I’ve come to realize school leadership is incredibly creative work. I’ve been at my school since it opened seven years ago, which has allowed me to observe growth and improvement over time. Schools are constantly iterating, refining, and co-creating systems. This is why staff retention and growing leaders committed to the school community are so important. Focusing on this, the fact that at its core, school leadership is about creating better learning experiences for kids helps me remain flexible and responsive to each day’s demands.
Q: What brings you joy in your work?
A: Witnessing the development and growth in a teacher’s practice and its impact on student learning. For example, one member of our staff was an effective teacher, yet very traditional, a few years ago. Her classroom was always on-task and compliant but didn’t necessarily reflect the cognitive engagement she knew was possible. I worked with her, initially as her coach and eventually as her evaluator. Today her classroom is completely different. Every day she offers students opportunities for interactive and hands-on learning, and cognitive engagement is high. Seeing authentic student engagement and the growth in her teaching, and knowing I played a role in impacting her practice, brings me great joy.
While instructional leadership has always been really important to me, I made it the primary focus of my daily work. As an assistant principal, I spent as much time in classrooms as possible. When I started working as a school leader, I was so worried about completing tasks as they came in that my inbox consumed large chunks of the work day.
Through reflection and conversations with my colleagues, I realized a clean inbox is never going to impact student achievement! This shift in mindset helped me reframe where and how I should be spending my time.
Prioritizing being in classrooms resulted in stronger relationships with staff, a deeper understanding of each educator’s professional growth goals, and an increase in timely and specific feedback to each staff member I evaluated. This feedback has resulted in more risk-taking and implementation of the feedback by teachers in classrooms. It shifted the culture from one of compliance to one where teachers say, ‘I’m trying something new today. Can you come watch?’
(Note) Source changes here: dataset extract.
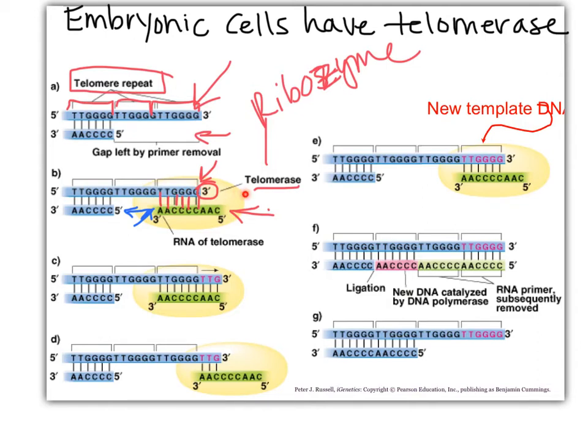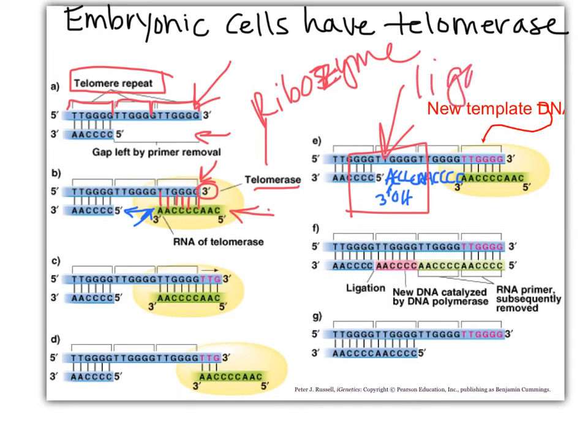We start extending, and then this guy will move — translocate — so we can extend some more. It translocates a bunch of times and the chromosome gets even longer. Then the polymerase function jumps and fills in this way with DNA nucleotides: 3'OH, phosphodiester bond, phosphodiester bond, bond, bond. But can polymerase make that final phosphodiester bond? No. Who has to do this? An existing 5' phosphate and an existing 3'OH sitting right next to each other — our good friend ligase.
Q: Mira Education believes unleashing the collective capacity of teachers and administrators is the key to creating an equitable public school system that serves all students and their communities. What is your reaction to this? How does this value show up in the work you do?
A: I couldn’t agree more that we must work to remove the line that still exists between teachers and administrators. We cannot be divided if we are serious about serving all students. We must view and respect each other as professionals and leverage the collective genius that exists within our system.
One of the ways we’re doing this is through our professional learning studio structure. As a teacher, it was frustrating to me when professional learning didn’t mirror the instructional practice expected in classrooms. This made me realize our professional learning must model what we expect — if we want differentiated and personalized learning for students, we must orchestrate what that might look like with adults. Choice, and teachers’ real inquiry questions and problems of practice, should always drive professional learning. All studio-based learning that happened in our building happens through other teachers, including collaboration with practitioners at other schools.
Keeping a “teacher mindset” at the forefront and constantly reflecting on what it was like to be a full-time practitioner helped me co-create meaningful professional learning experiences with staff.
Note: This interview has been edited for clarity and length.